Тонкая, тонкая нить...
* * *
От форта осталась груда обломков. На втором уровне уцелел один "шмель", на первом — два. Реактор каким-то чудом все еще тянул, плазму десантники не экономили. Да и не так уж много их осталось. Ли, Парвати, Смирнов, Райнфорд... Их тела почему-то не истаяли серым дымом, лежали, разбросанные на обгоревшем металле, полупогребенные под обломками кремнестали — то ли напоминание, то ли упрек...
Над раненым Мастерсоном разъяренной львицей стояла Джоанна, вырванный из креплений "шмель" трясся в ее руках, разбрасывая вокруг огненную смерть, и было предельно ясно — умрут эти двое или выживут только вместе.
Со вторым "шмелем" управлялся Пилипенко, его тяжеловесные матюки сливались в звериное, яростное рычание. Ян и Марта, подключив свои винтовки к реактору, поливали врагов длинными импульсами. Против карателей им было не устоять, но кентавров среди атакующих больше не попадалось — совсем немногие из Миротворцев могли похвастаться хотя бы зачаточной душой.

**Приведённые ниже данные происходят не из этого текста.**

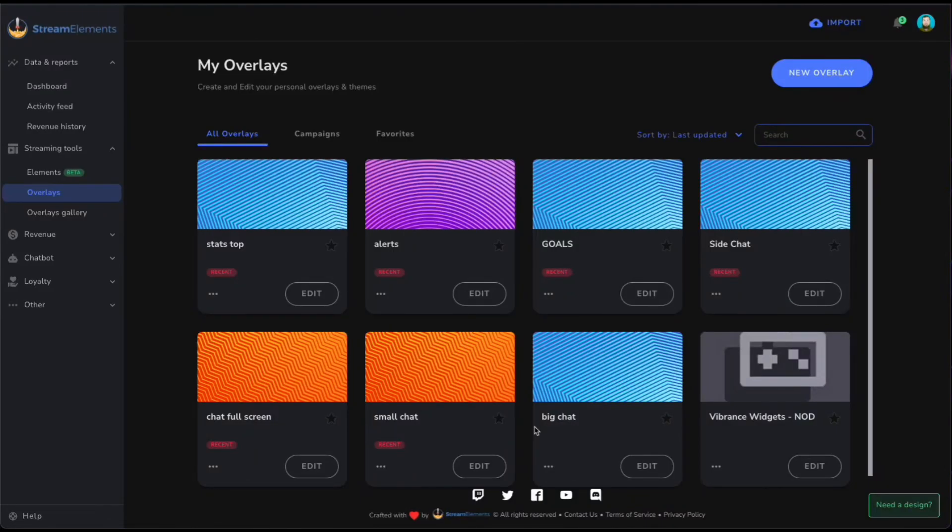Hello everybody and welcome to my very rough Stream Elements tutorial on how to add variations to your cheer alerts. What you're going to want to do is go into your Stream Elements dashboard, head on down to streaming tools and overlays.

У третьего и последнего "шмеля", наверху, оставалась Судабе. Ее скафандр разворотило прямым попаданем, девушка уцелела чудом. Вся правая половина тела обожжена, сквозь трещины в сожженной плоти сочится мутная сукровица. Аптечка скафандра успела вкатить полную дозу транквилизаторов, анестетиков и стимуляторов, и теперь единственный уцелевший глаз сверкал мрачным огнем над прицелом "шершня", а левая половина рта кривилась в жуткой пародии на ухмылку. Справа улыбаться было нечем — лицо обгорело до костей, губы превратились в кровавые лохмотья, открывающие закопченные зубы. Дыхание с хрипом вырывалось сквозь обожженную гортань, но левая рука лежала на спуске уверено, лишь чуть заметно подрагивая. Ее время отмерено и сочтено, но Судабе не собиралась расходовать зря ни единой минуты, и ее очереди уверенно находили цель...
* * *
Джузеппе отшатнулся, невидяще глядя на Романа.

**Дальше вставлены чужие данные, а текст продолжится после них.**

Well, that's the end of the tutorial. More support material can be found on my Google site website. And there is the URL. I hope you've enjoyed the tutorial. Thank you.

— Она умирает, — прохрипел юноша
— Они обречены, — Роман опустил голову. — Мне очень жаль...
— Так это все бессмысленно? — Джузеппе хотел было ухватить Романа за грудки, но пальцы проскользнули сквозь призрачную фигуру.
— Не знаю... Как только я отправил Наташу вниз, связь прервалась. Но они продержатся недолго...
Джузеппе помолчал секунду, тяжело дыша, сжимая и разжимая кулаки.
— Я должен быть там. Неважно, сколько от меня будет проку. Я должен быть там.
— Ты понимаешь, чего просишь? Твоя жизнь купит для них в лучшем случае несколько секунд боя.
— Пусть так. Может не хватить именно их.
— Хорошо, — Роман, казалось, выговаривал слова с трудом. — Если ты твердо решил... Есть способ стать сильнее. ТАМ. Отдать душу. Совсем. Ты не вернешься, даже если случится чудо, и Наташа с Дарлой найдут общий язык.
Джузеппе почувствовал, как в сердце заползает ледяной холод. Одно дело — рисковать жизнью пусть и с мизерными шансами, и совсем другое — знать наверняка. Он застыл, прислушиваясь к себе. Да, вот он, тот Джузеппе, что, забившись в туалет, плакал, сжимая в руке медальон и пытался молить небо о спасении. Он никуда не делся, он все так же замирает в ужасе, и заламывает руки, и спрашивает: зачем?! И второй Джузеппе, тот, что чуть постарше, никак не может найти слов, чтобы объяснить. Так, может, объяснять ничего и не надо?
Он поднял глаза на Романа:
— Я готов.
Тот чуть заметно качнул головой:
— Тебе придется сделать это самому. Боли не будет.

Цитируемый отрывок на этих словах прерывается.